Some areas of AAO.org are temporarily unavailable. We apologize for the inconvenience and are working to restore access.

  • Northwestern University
    Comprehensive Ophthalmology, Retina/Vitreous

    Northwestern University scientists have identified a new retinal ganglion cell (RGC) type in mice that may cause myopia.

    "This discovery could lead to a new therapeutic target to control myopia," said Greg Schwartz, PhD, lead investigator and assistant professor of ophthalmology at Northwestern University Feinberg School of Medicine.

    Schwartz named the cell ON delayed due to its slow responses to lights becoming brighter. This dysfunction may be linked to the amount of time a child spends indoors and away from natural light.

    Scientists have long known the retina contains a signal to focus the image in the eye, and this signal is important for properly regulating eye growth during childhood.

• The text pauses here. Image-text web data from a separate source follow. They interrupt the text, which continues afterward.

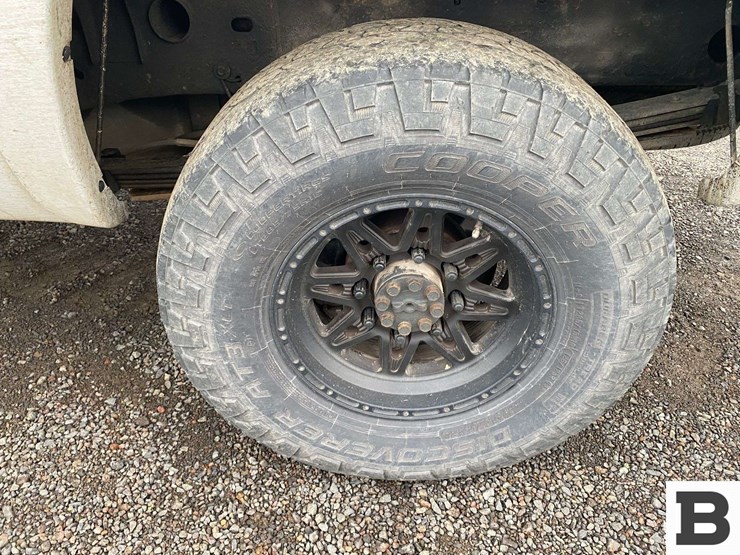 2006-gmc-sierra-2500-image-16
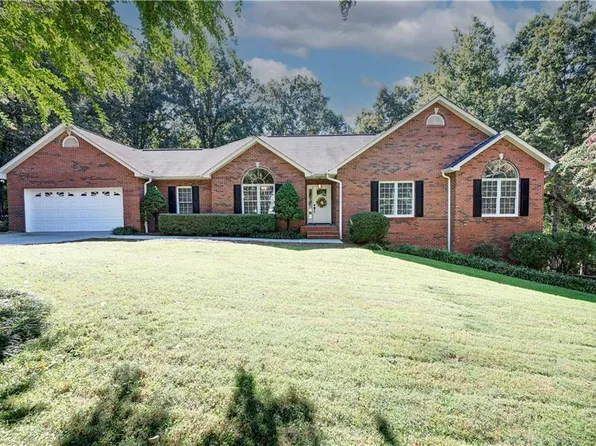 175 Thornwood Dr SE, Calhoun, GA 30701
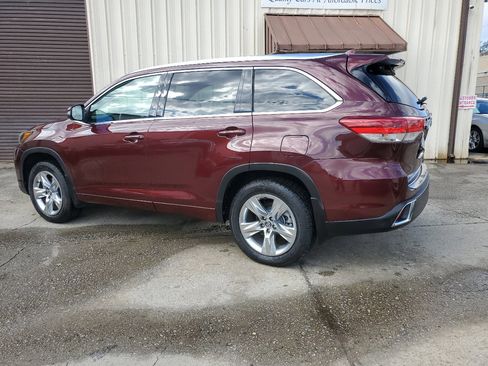Used 2019 Toyota Highlander AWD V6 image 5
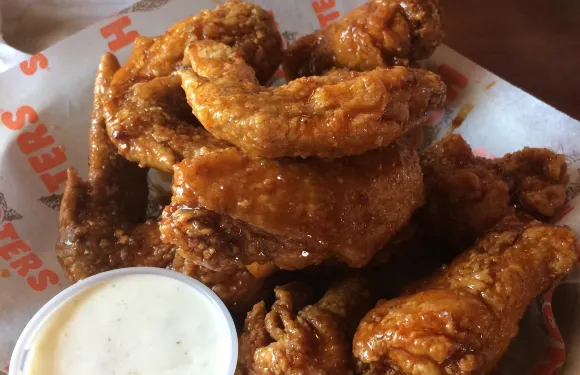 Hooters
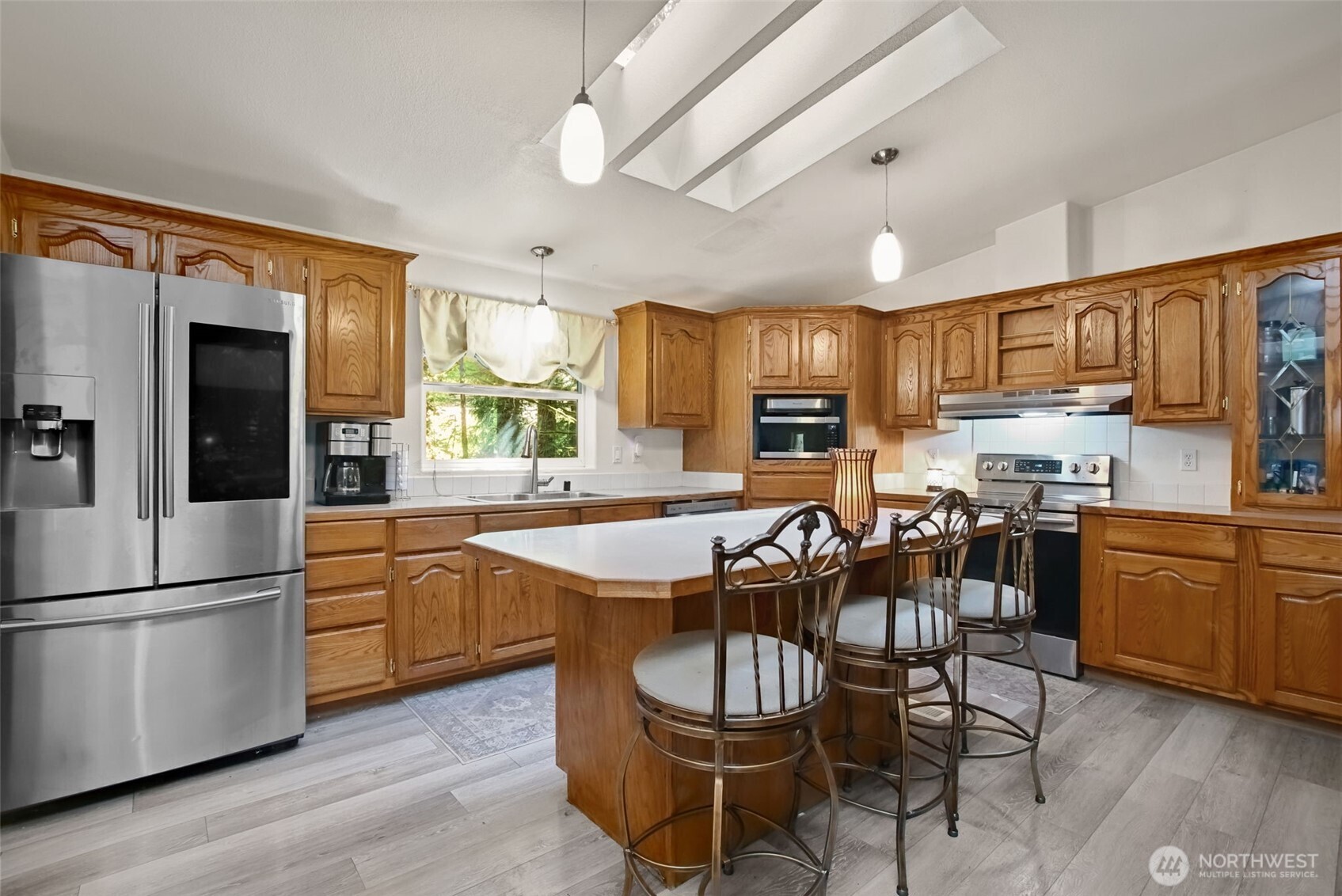 5901 108th Street Property Photo 5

    "But for years no one knew what cell carried the signal," Schwartz said. "We potentially found the key missing link, which is the cell that actually does that task and the neural circuit that enables this important visual function."

    In his study published online in Current Biology last month, Schwartz and colleagues used microscopic glass electrodes to record electrical signals from cells in a mouse retina while presenting patterns of light on a digital projector.

    Responding with an unusually long latency to light stimulation, ON Delayed RGCs respond earlier as the visual stimulus increased in size. They also showed that these cells can be excited by light falling far beyond their dendrites.

    The next goal for Schwartz is to find a gene specific to this cell so that it can be manipulated to induce or cure myopia.